The Effect of Market Transparency on Corporate Disclosure

59 Pages Posted: 31 May 2019 Last revised: 17 May 2021

Date Written: May 2020

Abstract

Observable market prices and trading are important information constructs that reveal information to market participants. I study how the observability of market prices and trading (hereafter, “market transparency”) affects firms’ disclosure incentives. I exploit the staggered introduction of TRACE, which made bond prices and transactions publicly observable.
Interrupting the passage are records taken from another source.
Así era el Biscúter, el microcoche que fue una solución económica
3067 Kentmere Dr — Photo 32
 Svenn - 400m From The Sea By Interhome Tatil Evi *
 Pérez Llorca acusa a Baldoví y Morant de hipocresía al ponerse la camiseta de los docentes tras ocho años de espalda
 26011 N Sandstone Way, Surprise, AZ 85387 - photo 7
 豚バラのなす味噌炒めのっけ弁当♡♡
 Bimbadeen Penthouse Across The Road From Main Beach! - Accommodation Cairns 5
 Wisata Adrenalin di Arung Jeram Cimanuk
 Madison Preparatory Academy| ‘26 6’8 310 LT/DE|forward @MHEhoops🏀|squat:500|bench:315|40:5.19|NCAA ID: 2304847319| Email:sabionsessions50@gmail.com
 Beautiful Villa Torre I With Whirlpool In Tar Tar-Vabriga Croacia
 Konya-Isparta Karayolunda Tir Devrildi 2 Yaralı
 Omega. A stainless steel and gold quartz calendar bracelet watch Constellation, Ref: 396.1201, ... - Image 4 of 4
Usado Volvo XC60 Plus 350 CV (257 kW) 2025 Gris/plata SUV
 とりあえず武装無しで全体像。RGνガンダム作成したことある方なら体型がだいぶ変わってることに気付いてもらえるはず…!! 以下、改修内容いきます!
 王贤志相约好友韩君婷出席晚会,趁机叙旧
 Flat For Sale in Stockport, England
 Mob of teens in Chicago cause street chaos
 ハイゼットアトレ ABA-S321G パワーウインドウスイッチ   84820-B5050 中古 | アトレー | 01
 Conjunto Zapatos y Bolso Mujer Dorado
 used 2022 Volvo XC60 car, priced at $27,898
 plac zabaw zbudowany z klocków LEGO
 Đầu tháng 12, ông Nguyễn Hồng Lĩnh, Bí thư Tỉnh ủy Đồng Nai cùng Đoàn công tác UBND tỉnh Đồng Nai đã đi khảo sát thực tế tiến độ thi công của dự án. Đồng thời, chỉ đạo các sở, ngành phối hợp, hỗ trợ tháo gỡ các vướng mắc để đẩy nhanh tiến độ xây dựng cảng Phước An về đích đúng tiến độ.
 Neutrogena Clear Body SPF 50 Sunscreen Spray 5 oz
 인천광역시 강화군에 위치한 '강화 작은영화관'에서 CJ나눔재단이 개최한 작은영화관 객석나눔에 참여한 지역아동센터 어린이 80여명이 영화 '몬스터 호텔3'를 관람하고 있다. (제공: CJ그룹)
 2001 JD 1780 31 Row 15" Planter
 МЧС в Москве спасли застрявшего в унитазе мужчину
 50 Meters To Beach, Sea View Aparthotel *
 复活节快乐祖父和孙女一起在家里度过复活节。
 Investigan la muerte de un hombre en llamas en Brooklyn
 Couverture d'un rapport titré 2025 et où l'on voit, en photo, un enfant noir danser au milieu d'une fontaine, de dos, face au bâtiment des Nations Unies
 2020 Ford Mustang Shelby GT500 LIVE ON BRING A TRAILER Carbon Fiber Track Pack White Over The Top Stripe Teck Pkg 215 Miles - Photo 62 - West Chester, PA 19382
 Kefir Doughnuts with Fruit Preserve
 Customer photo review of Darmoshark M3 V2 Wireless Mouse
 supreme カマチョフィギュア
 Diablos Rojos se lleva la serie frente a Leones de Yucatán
I find that firms provide more guidance when their bonds’ prices/trading become observable, suggesting that investors’ access to market information limits managers’ incentives to withhold information. This effect is stronger for firms whose revealed prices contain more new information, and it is more pronounced for the disclosure of bad news. I corroborate my results using (i) a controlled experiment, in which prices/trading were revealed for randomly selected bonds, and also (ii) relevant threshold rules. Together, my results suggest that increased market transparency improves investors’ access to information not only directly, by revealing the information contained in returns/trading, but also indirectly, by increasing corporate disclosure.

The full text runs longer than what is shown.